See Getting to the Puna 6Ks for detailed transport logistics and When to Climb for the weather window breakdown.

Source: Andes Vertical Aconcagua fee schedule, Skyhook — Aconcagua cost


Rescue Reality

If something goes wrong above 5,000m on the Argentine side, the evacuation path is:

  1. Carry or walk the patient down to base camp (4,600m) — multiple hours
  2. 4x4 drive 5-7 hours over rough terrain to Fiambala
  3. Emergency treatment at Fiambala's Hospital Interzonal "Luis Agote" (inaugurated 2023, Level 1 hospital, limited capacity)
  4. If needed, 4.5-hour ambulance transfer to Catamarca capital (320km)

Best case: 12+ hours from incident to hospital. On Aconcagua, that scenario gets helicopter evacuation within 2-4 hours in good weather.

No dedicated mountain rescue helicopter exists in Catamarca Province. A helicopter emergency evacuation would need to be organized through Catamarca capital or potentially Copiapo (Chile). Without Global Rescue membership or equivalent, a helicopter evacuation could exceed $100,000.

Satellite phone or InReach is mandatory for independent parties. Cell coverage is zero above Fiambala on the Argentine side and beyond Copiapo on the Chilean side.

Source: Global Rescue, elesquiu.com


The Vehicle Record

In 2015, a modified car reached 6,688m on Ojos del Salado — the highest a car has ever driven on Earth. On the Chilean side, 4x4s routinely reach 5,900m on the dirt road to Refugio Tejos. This is not a remote wilderness summit in the traditional sense — the Chilean approach can deliver a vehicle to within ~1,000 vertical metres of the top.

The Argentine side is different. Vehicles go as far as Refugio Quemaditos (~3,800m), and from there it is foot or horse travel for the remaining 43km.

Source: Wikipedia


The First Ascent: A Polish Story

The Second Polish Andean Expedition (1936-1937), led by journalist Justyn Wojsznis, reached the summit on February 26, 1937. Jan Alfred Szczepanski and Wojsznis left a cairn.

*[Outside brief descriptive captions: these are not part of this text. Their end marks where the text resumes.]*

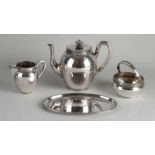 Silberner Teeservice, 835/000, mit Perlenrand, bestehend aus Teekanne, Milchkännchen und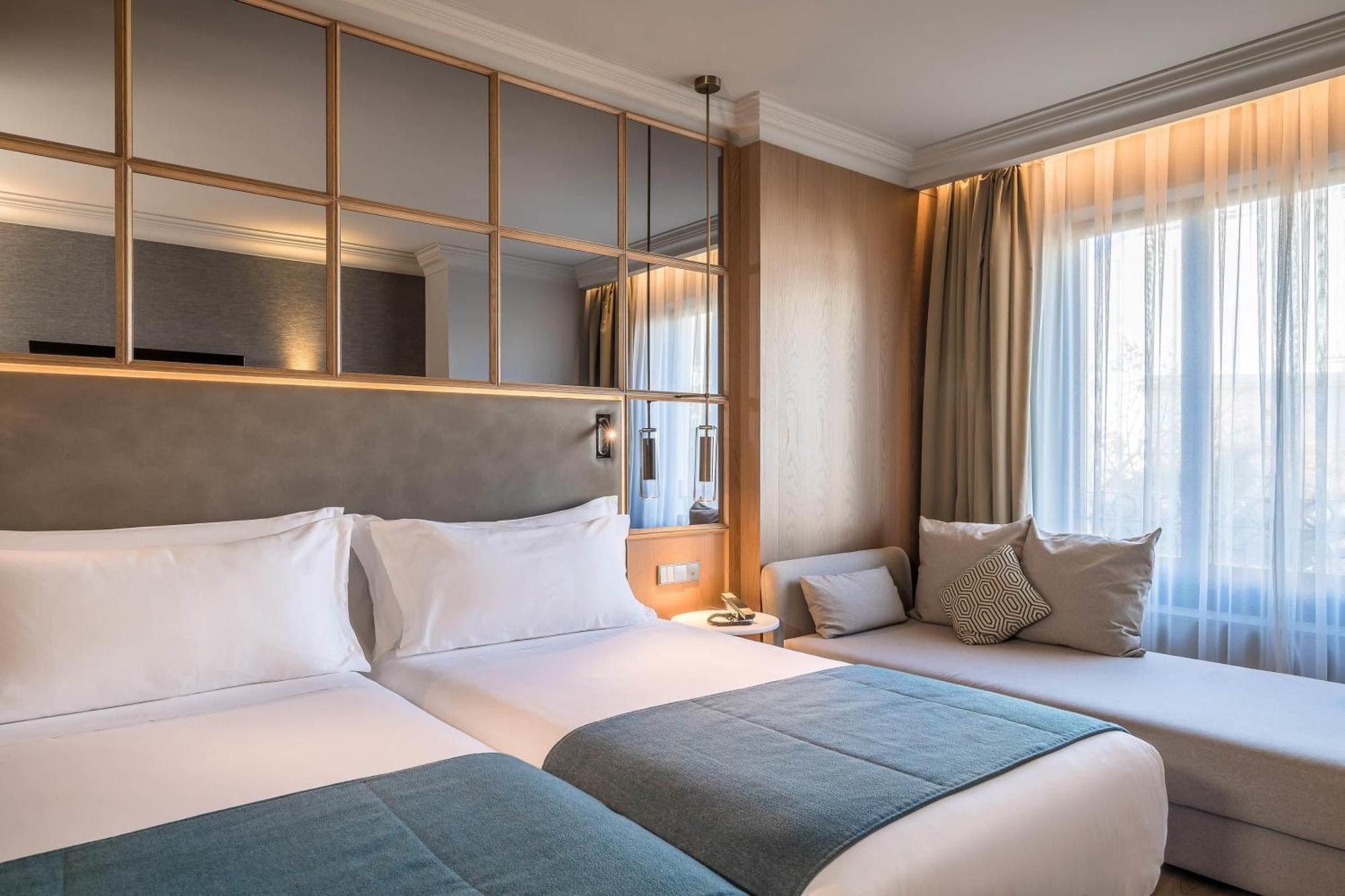 Premium Room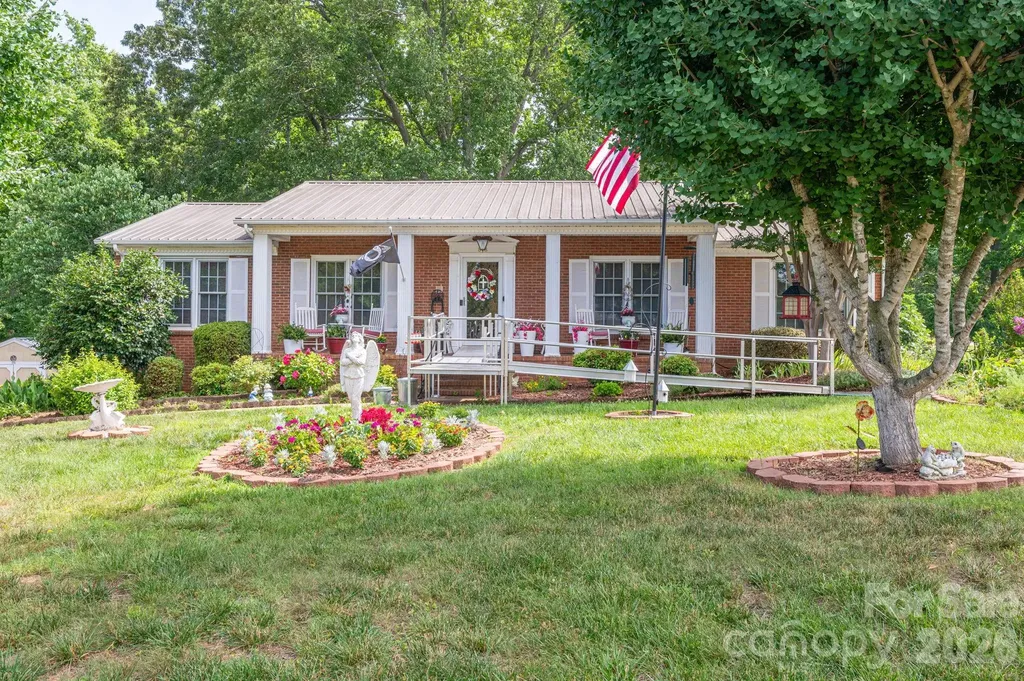 818 Hill Street Shelby NC 28152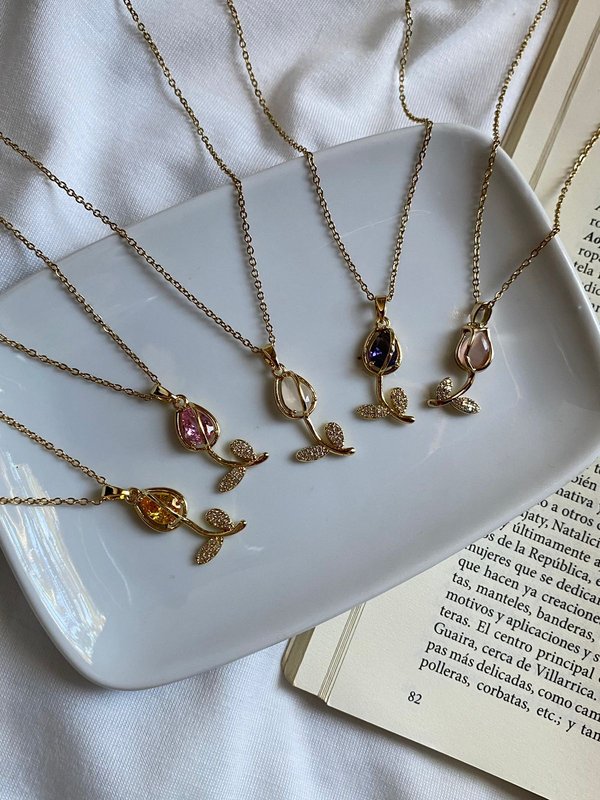 Collar Tulipán Aurora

They had spent days ascending the Rio Salado ("Salty River"), for which the mountain was believed to be the source — hence the name, which translates roughly as "Eyes/Sources of the Salty River." The Polish climbers also observed sulfurous fumaroles 200 metres below the summit — the first recorded documentation of the volcano's ongoing activity.

Most of the expedition's maps and reports were lost during World War II, creating a documentation gap that fuelled controversy for decades. Later Austrian climbers found the Polish cairn was not at the exact summit — it may have been on a subsidiary point. The Andean Club of Chile ultimately confirmed the 1937 Polish expedition as the first ascent.